Cait’s mother’s sacrifices, as well, are a large inspiration for Cait. “She came here with little money and spoke no English, and she did it to give her family a better life. Because even though her parents had good jobs, China was still a very hostile place to live. My mom wanted to get out, and she did it, she learned a new language and immersed herself in American culture. It has inspired me to make myself more open to other cultures and to not be afraid about taking such risks.”
Food, as well, is a big part of Cait’s connection to her heritage. “Food is a big part of any culture, and I feel like culture does not fully exist without understanding the region’s cuisine. There is some weird-smelling, weird-looking Chinese food, but I have learned to always try it and always be open to it.”

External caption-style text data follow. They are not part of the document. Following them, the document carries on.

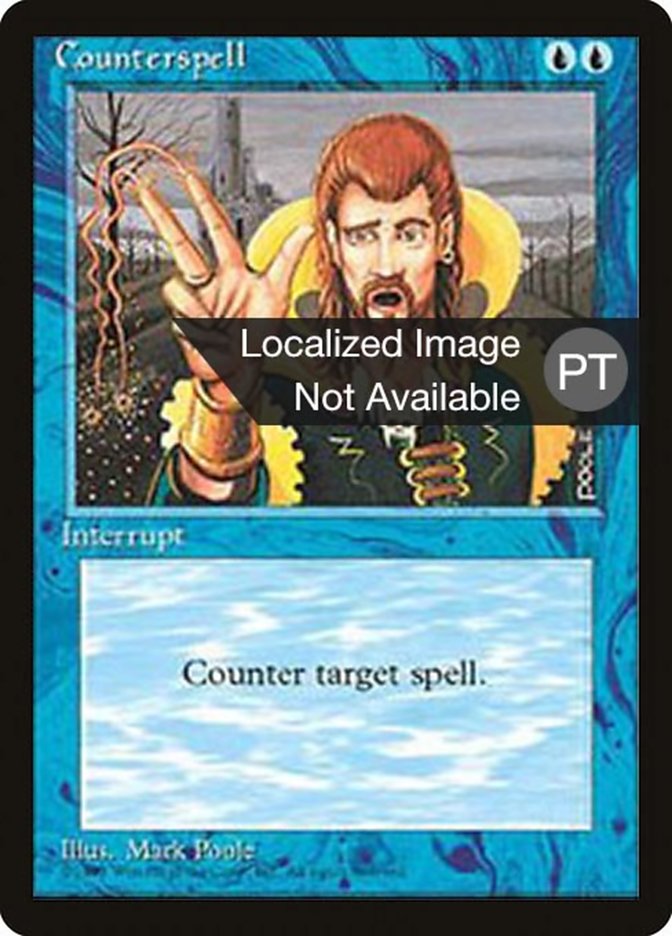{F} Counterspell [Fourth Edition (Foreign Black Border)][FBB 4ED 065]
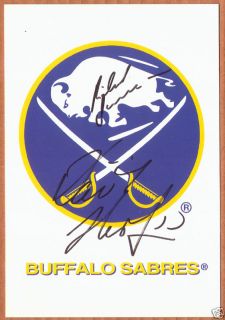Dominik Hasek Buffalo Sabres Authentic Autographed Large Postcard NHL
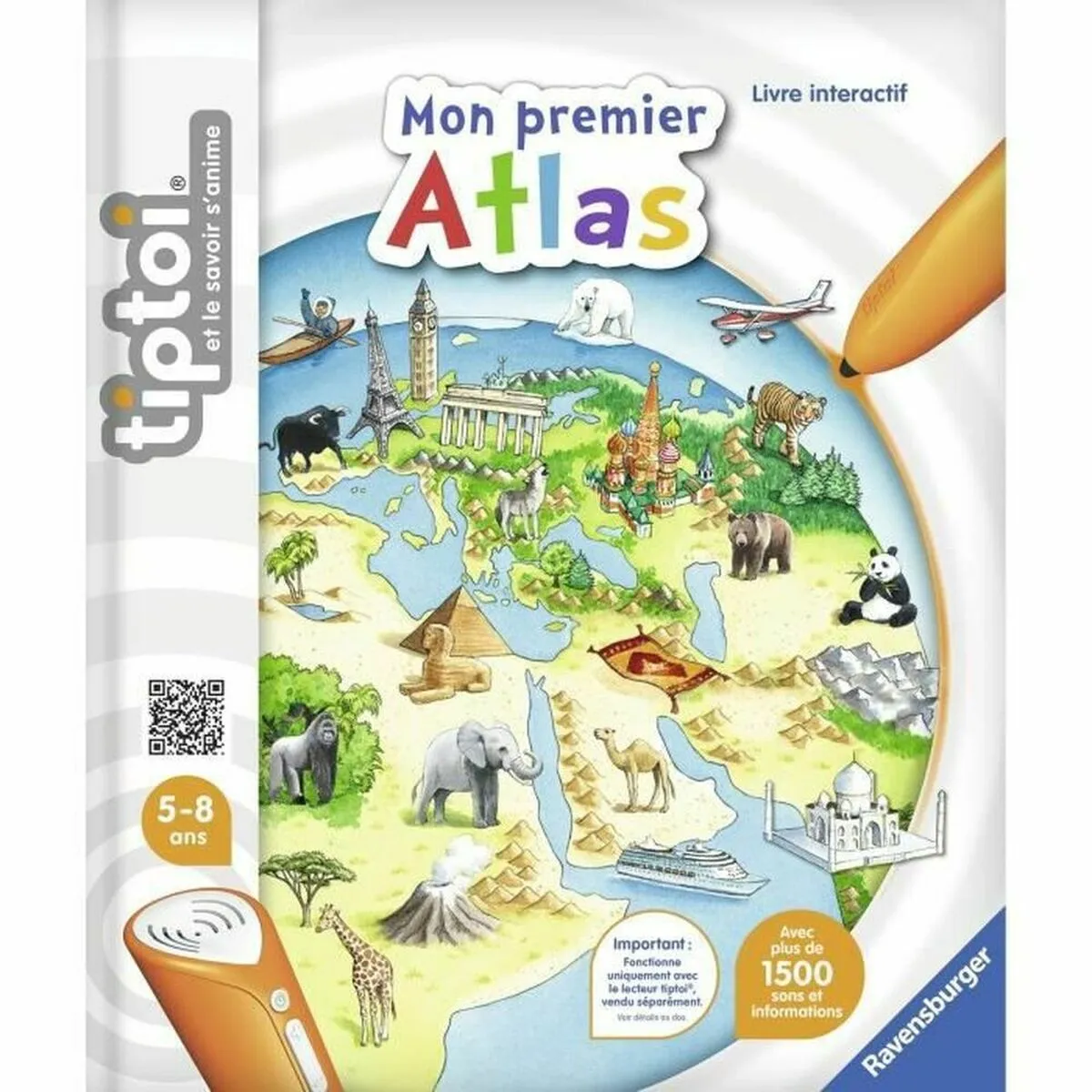 Libro interattivo per bambini Ravensburger My First Interactive Atlas Azzurro Multicolore (Francese)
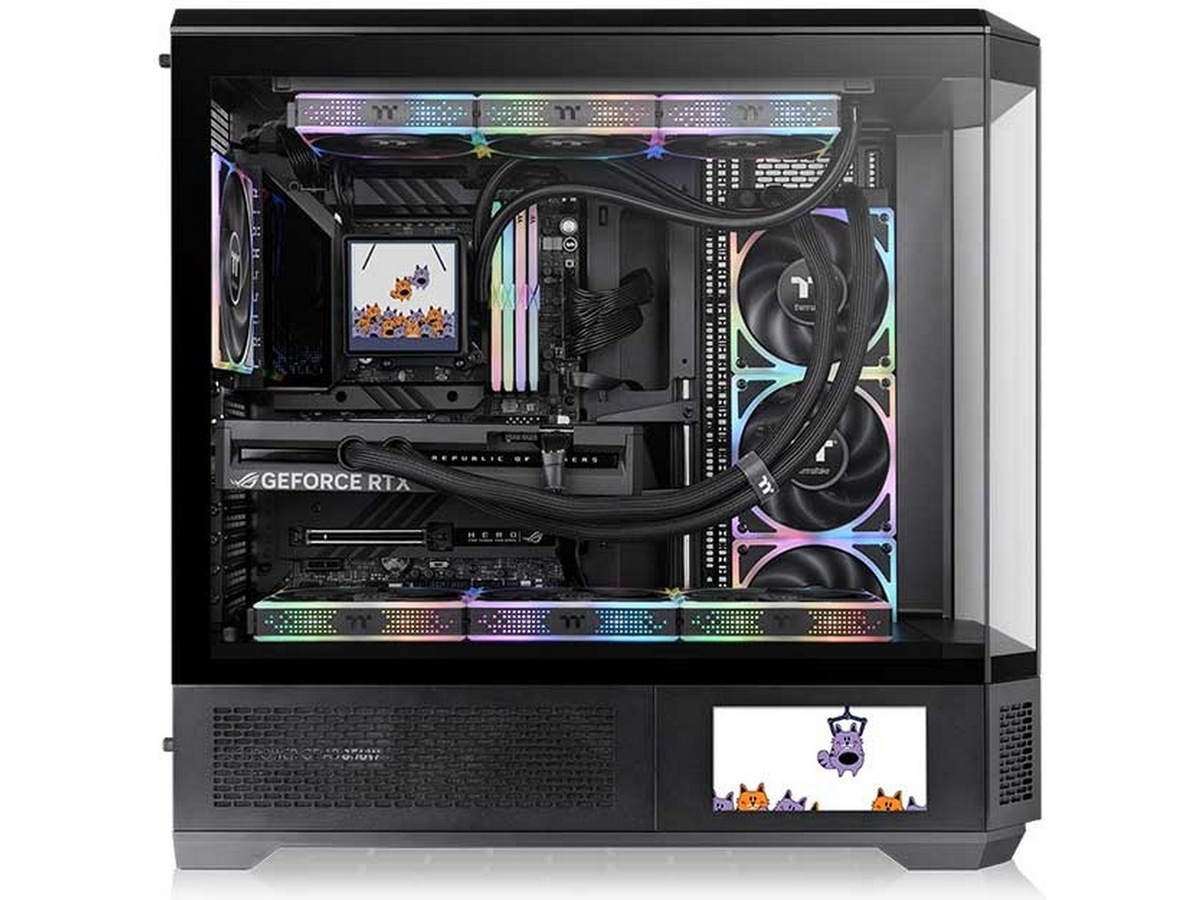 Thermaltake 6,0" LCD Panel Kit til View 600 TG (sort) Tilbehør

On top of this explorative nature that Cait has developed through eating her mother’s Chinese cooking, she also loves the very act of eating. For Cait, the act of sharing food is akin to creating a connection between people, it is a sign of love and care. It is also how Cait shows her love for others, which she believes comes from her Chinese heritage. “If you go to eat at a Chinese household, they will feed you endlessly. That is how they show that you are welcomed and that they like your company. It is almost forceful, honestly, but I love that. It’s comforting for me.”

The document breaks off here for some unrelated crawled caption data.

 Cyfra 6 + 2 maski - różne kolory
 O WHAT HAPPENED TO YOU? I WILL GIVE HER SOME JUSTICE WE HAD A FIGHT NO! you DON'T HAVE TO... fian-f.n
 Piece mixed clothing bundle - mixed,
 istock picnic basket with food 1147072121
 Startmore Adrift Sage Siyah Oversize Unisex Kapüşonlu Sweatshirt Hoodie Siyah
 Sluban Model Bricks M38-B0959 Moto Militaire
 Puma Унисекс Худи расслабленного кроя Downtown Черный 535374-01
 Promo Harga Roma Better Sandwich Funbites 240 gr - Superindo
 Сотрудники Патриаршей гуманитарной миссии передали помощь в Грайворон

Growing up, Cait has fond memories of her mother cooking for her and her friends. “When I first moved to Charlotte, my mom would always have some weird Asian food ready to eat for us as kids—and a lot of my friends ended up liking it! To this day, I have friends from high school that text me and tell me how much they miss my mom’s cooking. It was my mom’s way of showing thanks to my friends. While they were over, she would also try to instill educational values and work ethic into them, as well. I would be embarrassed to bring people over, at times, because of these lectures. I had to warn people.”
These values all circle back to Cait’s mom, and this may be why Cait desires to connect more deeply to her mother’s culture as an adult. While Cait was born and raised in the United States, the values and life perspective that she leans upon can be traced back to her mother, and therefore to China. Despite jokingly calling her mother a ‘Tiger Mom’ from time to time, it is evident that it was her mother’s parenting and strong values that Cait appreciates the most. “She taught me to work for what I want, to be sure of what I want, and to not let people tell me what I can’t do. Often, she would say to me, ‘If I moved to the US with little money and no English, you can do anything!’.”
Cait is still on the journey of understanding her role within these two identities of Chinese and American, but she feels happy with the progress she has made. “I now feel more secure in where I stand within my culture, what I define success as, and what I value. But it was difficult to shift through the two world views that I was given and discover what I see as valuable. I was pulled in two ways by both my parents and within myself. It was a journey of self-acceptance, and while this is always unfinished, I think it took me a longer time than most to begin that journey because I felt so inwardly conflicted.
“If I had to answer, ‘What am I?’, however, I would say I am American. I am this melting pot of values and cultures, and I now know that I do not have to choose between these things to know who I am. And I am more American than Asian at this point because of the people I have surrounded myself with and how I grew up in school. I had that full American experience, but I do embrace my Chinese side now, and I am thankful for it.”